Missoulian: Senators Back Push to Renew Softwood Import Agreement

Montana’s Senate delegation co-signed a letter to President Barack Obama asking for continued pressure to get a new Softwood Lumber Agreement with Canada.

“We are disappointed that Canada appears reluctant to follow through on this commitment, which has significantly undermined (the U.S. Trade Representative’s) efforts to reach a final agreement,” Sens. Steve Daines and Jon Tester wrote on Friday, in a bipartisan message joined by 24 fellow senators.

The Softwood Lumber Agreement was originally signed in 2006 and set limits for Canadian lumber imports to the United States. It expired in 2015, but had a one-year “stand-still” clause allowing time to negotiate a new deal. That expired on Oct. 13.

The United States has proposed that Canadian imports be limited to an agreed share of the U.S. lumber market.

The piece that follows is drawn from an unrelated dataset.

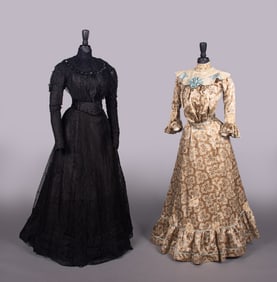 TWO SILK DAY DRESSES, 1900-1905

Canadian counter-proposals have suggested setting a duty charge on imports crossing the border, but not a quota for how much wood can be sent over.

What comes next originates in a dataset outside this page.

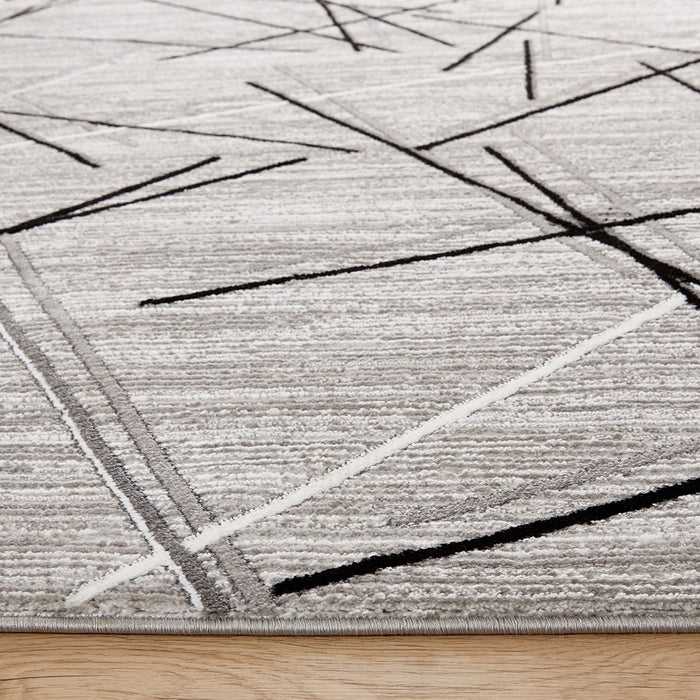 Lavin Rugs R1001 Sesia 7'10" x 10'10" Linear Geo Rug, Grey/Black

“Hundreds of thousands of U.S. jobs and thousands of U.S. rural communities depend on fairness in trade in softwood lumber,” the senators wrote. “That is why we will continue to urge you, and any future Administration, to seek a fair, effective, and sustainable agreement with Canada on softwood lumber trade, and in the absence of such an agreement, to fully enforce U.S. trade laws.”

U.S. negotiators maintain the Canadian timber industry benefits from government subsidies that give an uncompetitive advantage to cutting trees on Canadian provincial and federal land. The Canadians have successfully argued in international trade court that the U.S. import limits violate free-trade agreements.

Senators Mike Crapo, R-Idaho, and Ron Wyden, D-Oregon, authored the letter.